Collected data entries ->

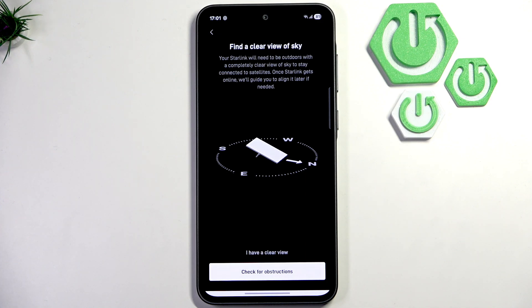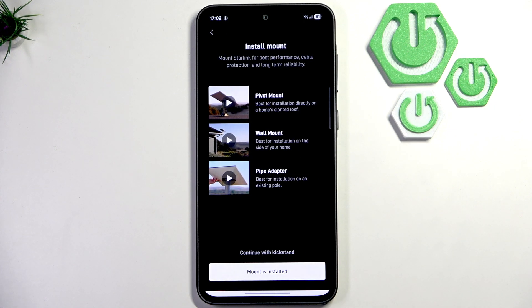Our Starlink needs to be outdoors so it has a clear view to the satellites. What you can do is click to check for obstructions and make sure that everything is a clear view in the app. After you're done, simply click 'I have a clear view.'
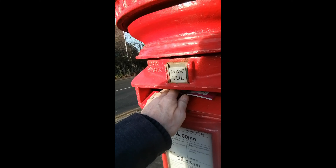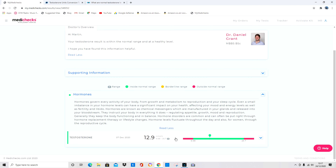So the results are back, and it's good — but it isn't good. It's a bittersweet result. My results came back at 12.9 nanomoles per litre. The stated range is between 6.68 and 25.7 nanomoles per litre. That 6.68 lower end is ridiculously low — I would never want my testosterone that low. Most doctors and endocrinologists in the UK tend to say below 8 is low, but I came in at 12.9.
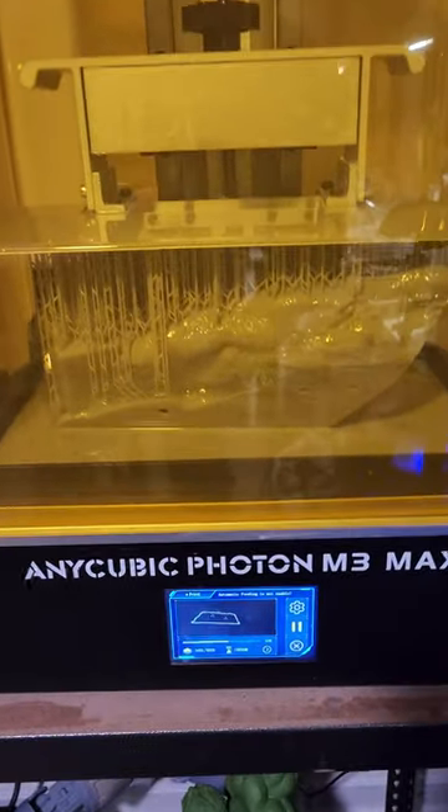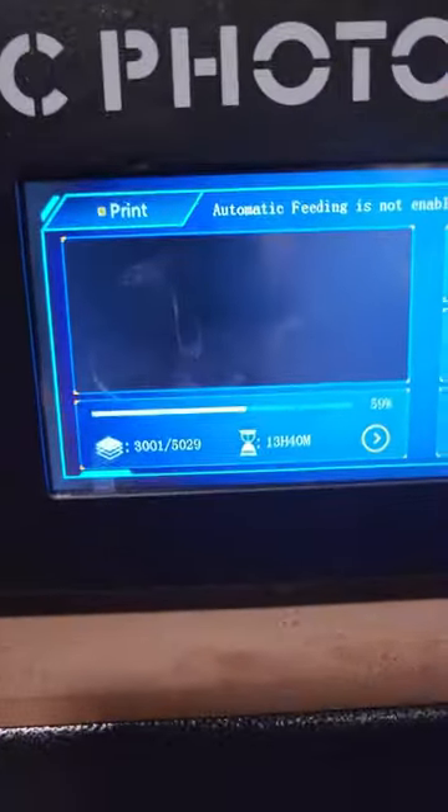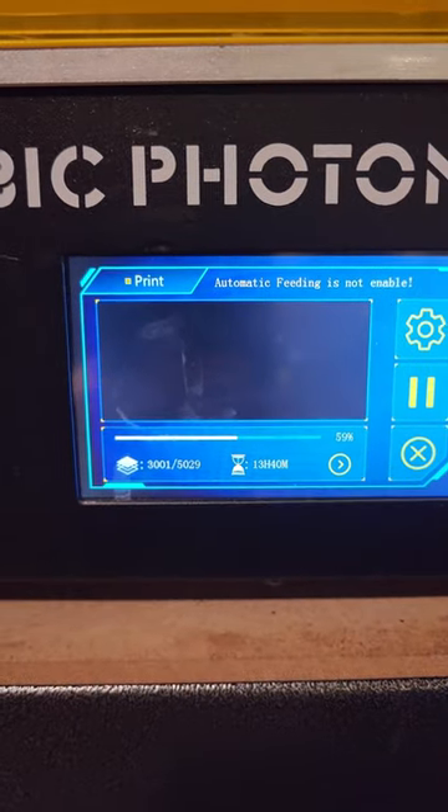This is a piece of a base for a cable project. This has been a 34-hour print and it's still only 59% done — it still has 13 hours to go.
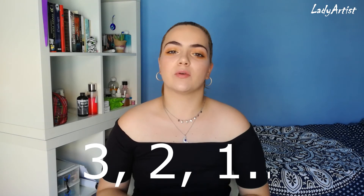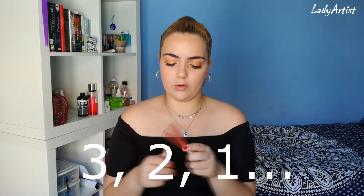Now for my lips I'm gonna use this ColourPop. My phone decided to not record the lip part, so what I have on my lips is this ultra matte liquid lipstick from ColourPop in the shade Mama. And I think that's all — so this is the final look.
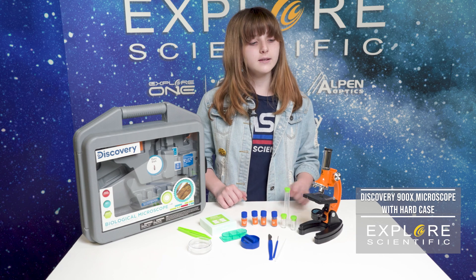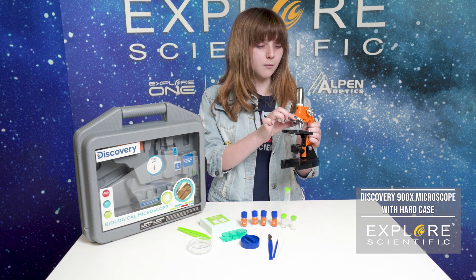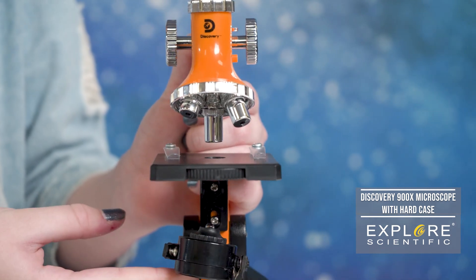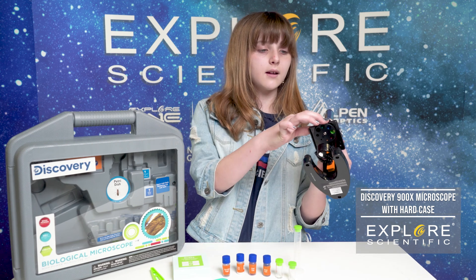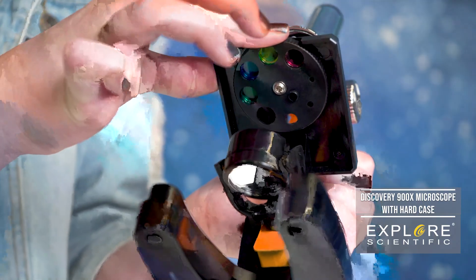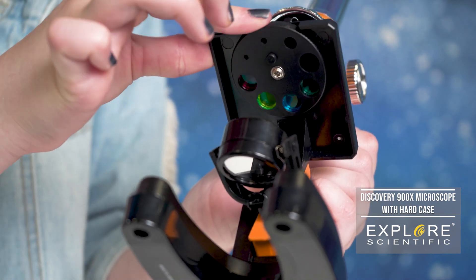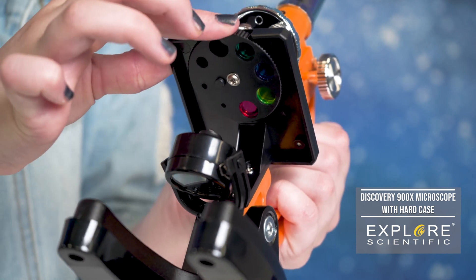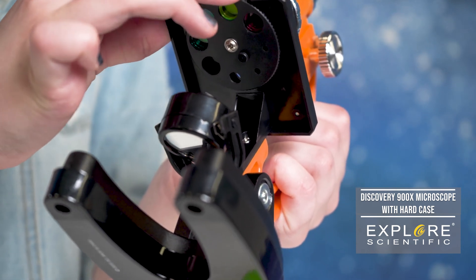With this microscope kit, you can see the microscopic world around you. The magnification ranges from 100 to 900 and there's an LED light located underneath so you can see. This microscope also has a color wheel located underneath. The different colors on it show different contrasts, so if you look at something through a different filter, it would look different than before — showing different things that you can't see with your own eyes.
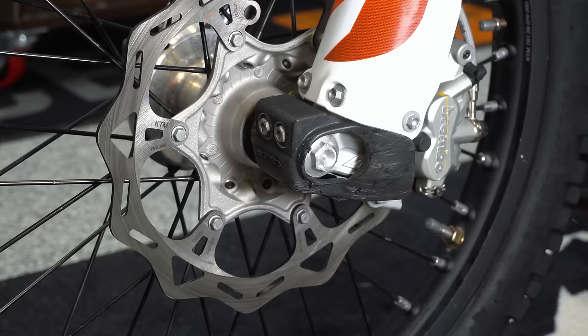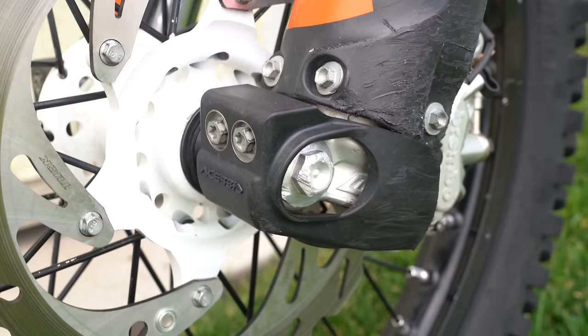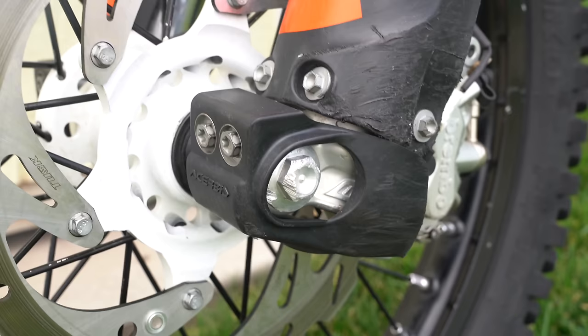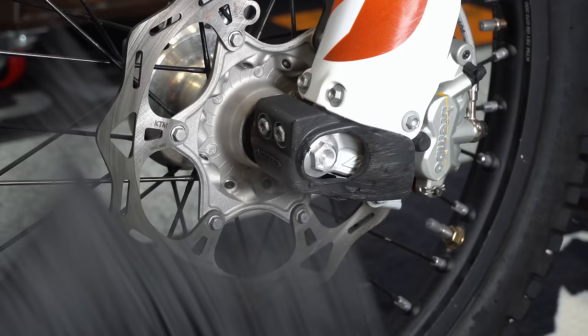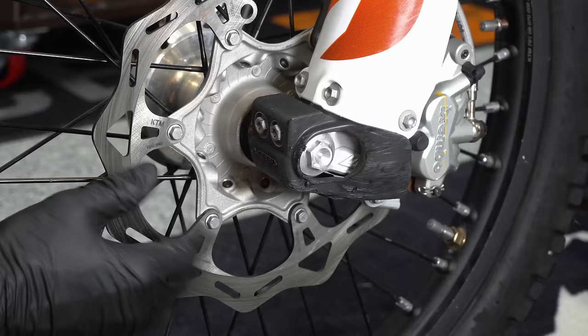Install the relatively cheap fork shoes on the bottom of your forks to keep them from getting beat up when you're going through rocks. It also keeps this axle nut from being rounded off. And for added protection, you can get relatively cheap front rotor disc guards on the bike to help protect that as well.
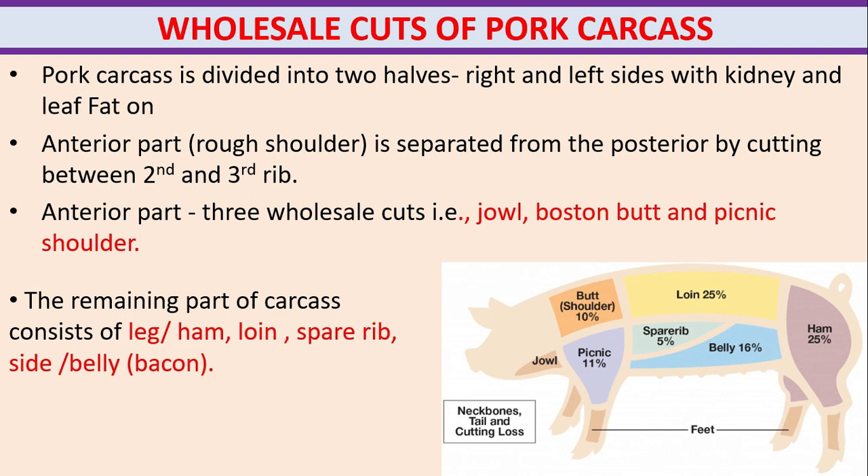Wholesale cuts of pork carcass. The pork carcass is divided into two halves — right and left sides — with kidney and leaf fat on. The anterior part, meaning the left shoulder, is separated from the posterior by cutting between the second and third rib. The anterior part yields three wholesale cuts: jaw, Boston butt, and picnic shoulder. The remaining part of the carcass consists of leg or ham, joint, spare rib, side belly.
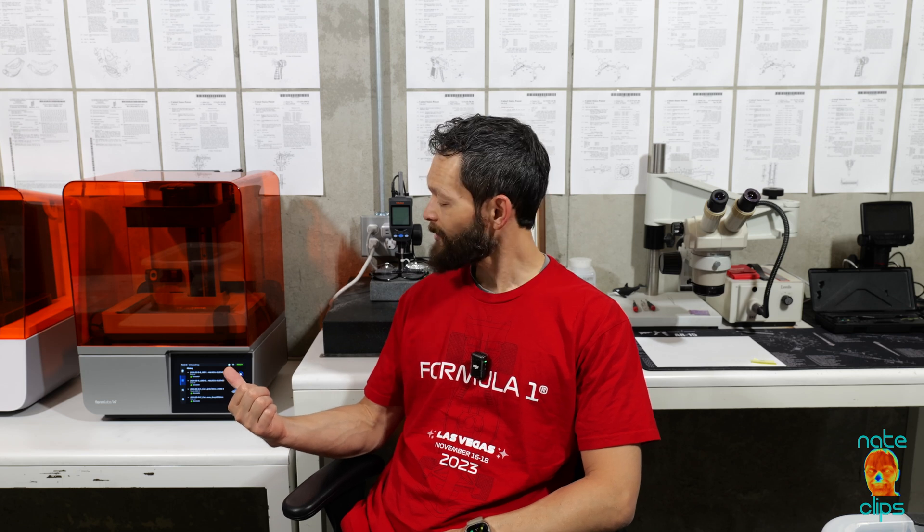Hey guys, welcome back to the channel. It's been a while since I had time to make a video, but I wanted to take a timeout out of my schedule to introduce the newest member of my lab — the newest printer from Formlabs, the Form 4. Let's take a deeper dive into what makes this thing tick and whether or not it's worth upgrading if you're currently using the Form 3.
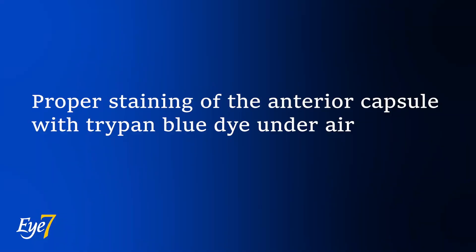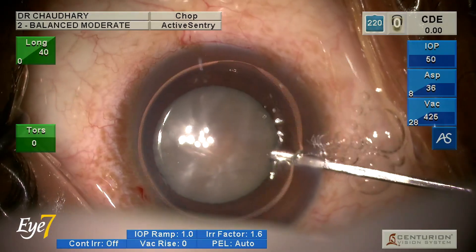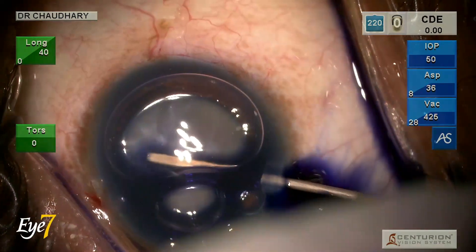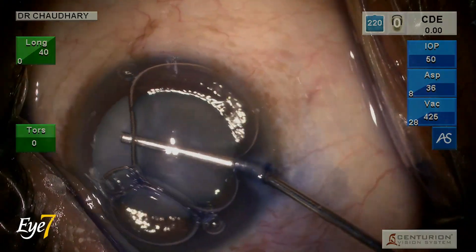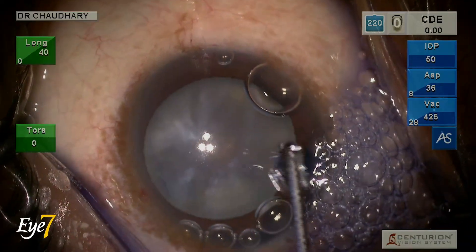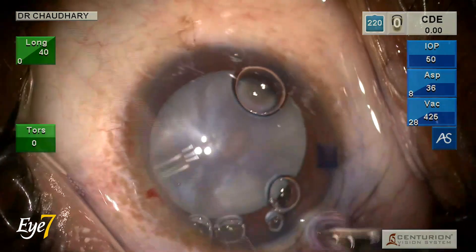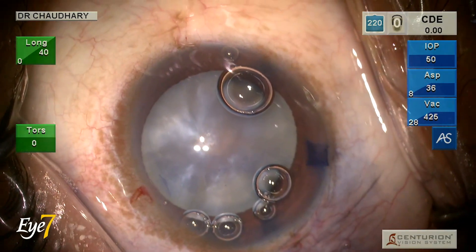Proper staining of the anterior capsule is of utmost importance in these cases so that the surgeon has a good view while making the rhexis. This is followed by insertion of viscoelastic to remove any air bubbles from the anterior chamber, after which a 2.2 mm keratome is used to create a bi-planar main port incision.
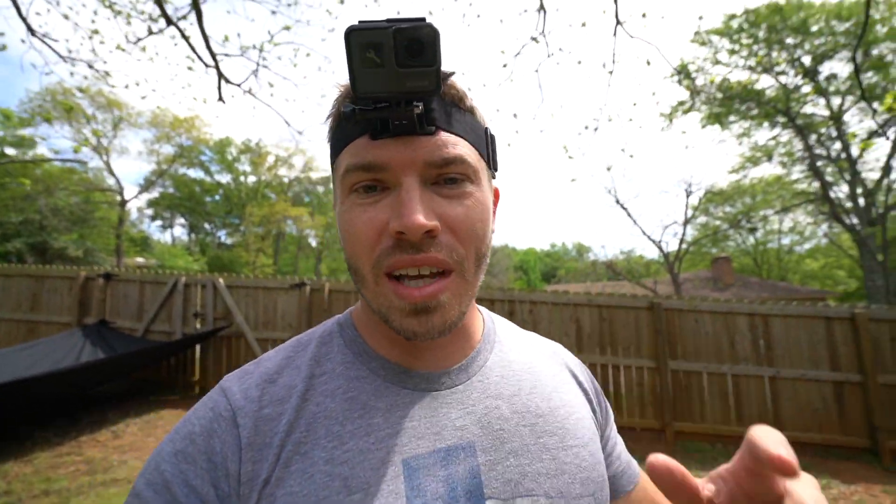I would actually recommend getting a good pair of welding gloves and just hand-catching the thing. Anyway, I hope that helped and I hope that might end the debate — probably won't — but if you like this video please like, subscribe, share, and I'll see you in the next one. Thanks guys.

WHAT IS EXPECTED ->
Among the entries above, take the lines from the one with "This is a piece" through the one with "Now for my lips" and retype them exactly, leaving out the pictures.

YOUR SOLUTION ->
This is a piece of a base for a cable project. This has been a 34-hour print and it's still only 59% done — it still has 13 hours to go.
Now for my lips I'm gonna use this ColourPop. My phone decided to not record the lip part, so what I have on my lips is this ultra matte liquid lipstick from ColourPop in the shade Mama. And I think that's all — so this is the final look.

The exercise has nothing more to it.